Here’s how the TelePain program reaches patients
CMs, others can listen in
The University of Washington in Seattle addresses the need for pain management experts to reach underserved communities through a TelePain program that incorporates case management practices and a community of practice.
Here is how it works:
• Ask providers to complete a referral form/survey. The form’s purpose is to give the panel of experts a better idea of what’s going on in a particular patient’s life. Providers whose patient cases will be discussed email their responses 24 hours in advance of the meeting, says Ardith Z. Doorenbos, PhD, RN, FAAN, professor in the department of anesthesiology and pain medicine in the School of Medicine and School of Nursing at the University of Washington.
It asks questions about the patient’s pain, including these types:
- Where is the patient’s pain located?
- How does the pain affect the patient’s enjoyment of life?
- Does the patient have difficulty with sleep?
- How is the patient’s mood?
- What kind of medication is the patient using?
- Is medication controlling the pain?
- How many bad days has the patient had?
- How satisfied is the patient with the pain treatment?
• Healthcare professionals connect via technology to weekly sessions about pain management. The program is designated for health professionals, and any health provider can connect to it, says David Tauben, MD, chief of the division of pain medicine at the University of Washington.
“We prefer a video connect, and all they need is a laptop computer with a camera,” Tauben says. “There’s also an opportunity to connect through the telephone or Adobe if you don’t want to be on the camera as you eat lunch.”
Although connecting with the program is free, health providers who wish to earn continuing education credits for their attendance are charged a $40 annual fee, he adds.
“The information is evidence-based and high quality with internationally known experts, many of whom are doing research on pain,” Tauben says.
• Provide educational content first. “The first 30 minutes of the session is didactic, covering important issues related to pain management,” says Alexa Meins, PhD candidate, research assistant in biobehavioral nursing and health systems at the University of Washington.
“And then the session is translated into a PDF and put on YouTube, so people who arrived late can refer to the educational piece at a later time,” Meins adds. “A lot of times, the specialist panel will refer to certain citations and resources that the provider then can look up after the session.”
An example of the educational content includes a review of motivational interviewing, Doorenbos says.
An expert discusses how to do motivational interviewing with patients, following evidence-based techniques, she adds.
• Have community providers present their case studies. “Other providers can see on their screens the pain tracker, so everyone gets information about the patient’s pain intensity, the impact of pain on their lives, physical activity impairments, mood impairments, and how well the pain is managed with medications,” Doorenbos explains.
They do not show X-rays or medical chart information, and they rely on the community provider to present important details, she adds.
These case presentations typically take 10 to 15 minutes.
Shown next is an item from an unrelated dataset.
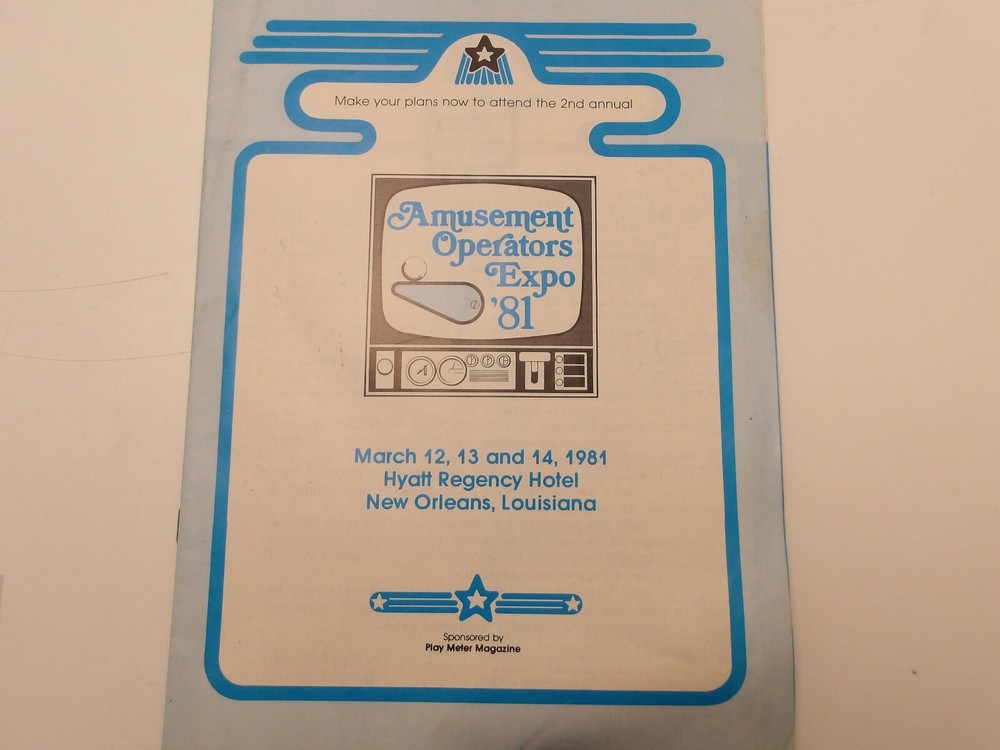 Amusement Operators Expo '81 - Brochure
Here’s one example: “There was a fisherman who was referred to us from Alaska,” Doorenbos says. “The man, who was an owner-operator, was having trouble doing physical labor on his boat because of pain, and he was having trouble with taking pain medication because they caused a lot of nausea.”
The nausea was most acute when he was standing on the moving boat, so he’d stop his pain medication when he went out to sea. This resulted in his returning to land in acute pain. A nurse practitioner sought the TelePain expert panel’s advice for how to treat his pain while respecting his lifestyle/work decision.
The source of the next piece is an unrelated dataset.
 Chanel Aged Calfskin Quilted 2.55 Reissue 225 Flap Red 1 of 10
“Our rehab specialists said to give the fisherman information on how to lift equipment correctly, and the anesthesiologist, who is board-certified in acupuncture/acupressure, gave advice on using acupuncture to control nausea,” Doorenbos says. “And the pharmacist gave advice on how to control the medications.”
The provider hadn’t considered any of these pain strategies before the teleconference and decided to try all of them, she notes.
“We ask for a follow-up in six to eight weeks, and in this case it worked really well,” Doorenbos says. “The fisherman was able to manage his pain much better while on the boat.”
The TelePain program’s benefits extend beyond the single cases that are heard at a particular session, Tauben says.
For individual patients and families, there are immediate benefits to their pain management, and they can achieve this help from the community provider they trust, he says.
It also saves healthcare costs because patients do not have to travel to distant hospitals and providers to find relief from their pain, and their treatments typically are more effective, requiring fewer medical resources, he adds.
But there also are benefits to all of the healthcare providers who are listening in to the sessions. They can learn tips that they can use with their own patient populations. “It’s value-based care, and the value we add is cost-avoidance and fulfilling the goal of reducing the total expense of pain care delivery,” Tauben says.
The University of Washington in Seattle addresses the need for pain management experts to reach underserved communities through a TelePain program that incorporates case management practices and a community of practice.